We developed two assays to measure binding of nucleotide to ULK4. The first assay uses the nucleotide analog ADP-Biotin, which can label kinases with biotin if they are able to bind ADP-Biotin. The biotinylated protein can then be detected by Western blot (Figure 2). Using this assay, we found that ULK4 can indeed bind nucleotide. We were also able to look at mutants of ULK4 and assess the role of those residues in nucleotide binding. Instead of the asparagine (N171 in PKA) that coordinates magnesium to bind the phosphates of ATP, ULK4 has two adjacent basic residues: Arg 125 and Lys 126, which could act as the cation for phosphate binding. This has been observed in other kinases, including TRIB2, which has a lysine in the Asn position and is capable of autophosphory lation.17 We performed mutagenesis studies on these residues and found that Lys 126 but not Arg 125 is critical for nucleotide binding, establishing that ULK4 can bind nucleotide using non-canonical residues. We examined other important residues that we thought could contribute to nucleotide binding, including Cys 141 and Asn 139, which is instead of the D in the DFG motif, and found both were important for nucleotide binding, although N139D was not completely inactive. Asp 195 occupies a similar position in the structure to Thr 180 in ULK1, which is the site of phoshorylation in the activation loop and enhances activity by locking the loop through ionic interactions with several arginines. For ULK4, Asp 195 acts as a mimic of the phosphothreonine in ULK1 and interacts with Lys 144. We hypothesized that a mutation at that position would decrease nucleotide binding, which we did indeed observe. Trp 46, which forms the hydrophobic bridge, also showed a large decrease in ADP-Biotin binding upon mutation to alanine. Another residue that had been thought to be important for activity in other pseudokinases, Lys 39, turned out to have no effect on nucleotide binding for ULK4. Thus, several mutants were able to provide insight on the mode of binding nucleotide.
Figure 2.
Nucleotide binding of ULK4 mutants. Using ADP-biotin, different mutants were monitored for their ability to bind ADP-Biotin by Western blot. Two color blot shows simultaneous His antibody signal as a loading control and streptavidin for measurement of biotinylation levels.

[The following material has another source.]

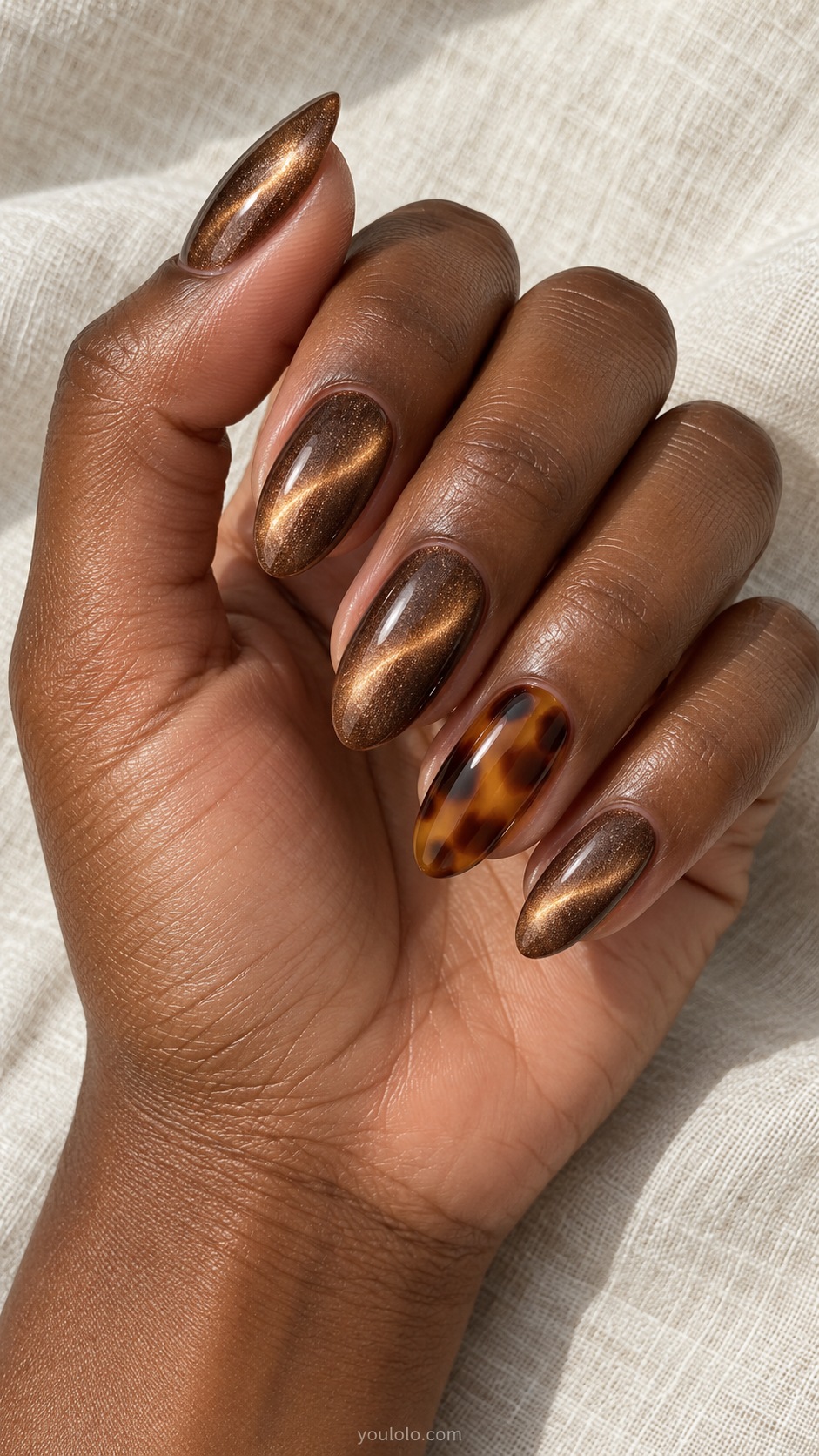 Bronze Cat Eye with Tortoise Shell cat eye nails — Medium almond set: four bronze magnetic cat eye nails, ring nail translucent amber tortoiseshell brown blotches.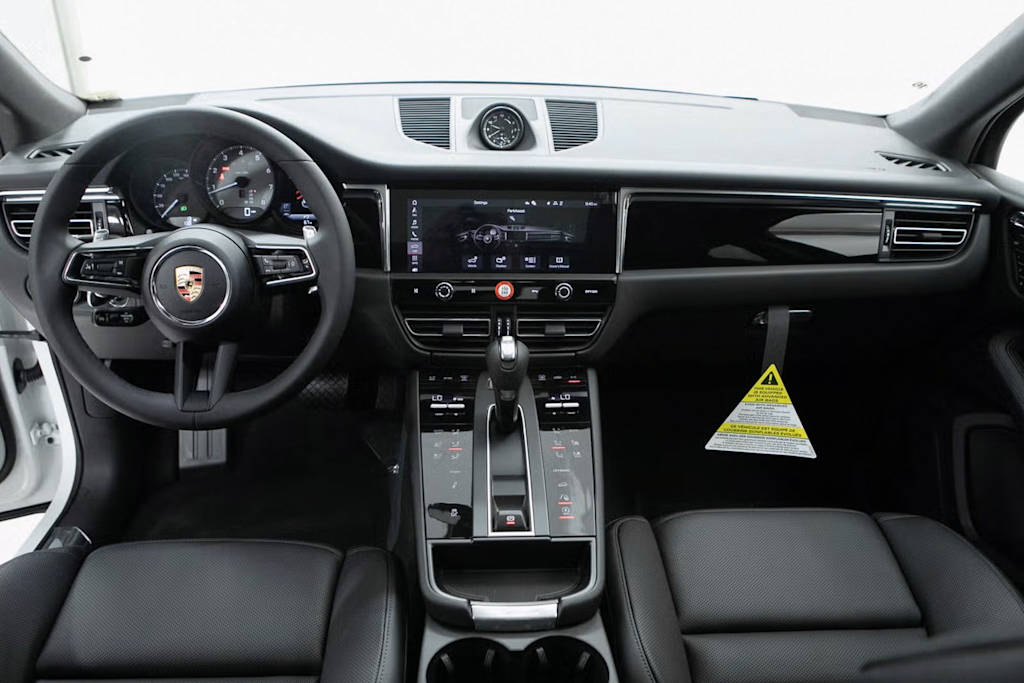Thumbnail: 2025 Porsche Macan - 8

We also looked at other mutations that had been identified in cancer sequencing databases, with the thought that some of these mutations might have deleterious effects on the protein. One of the more frequently seen mutations in the kinase domain of ULK4 is P124S,26 which indeed abrogated nucleotide binding, most likely due to interfering with proper folding of the protein. Another mutation found in cancer, D201E, appears not to have a strong effect.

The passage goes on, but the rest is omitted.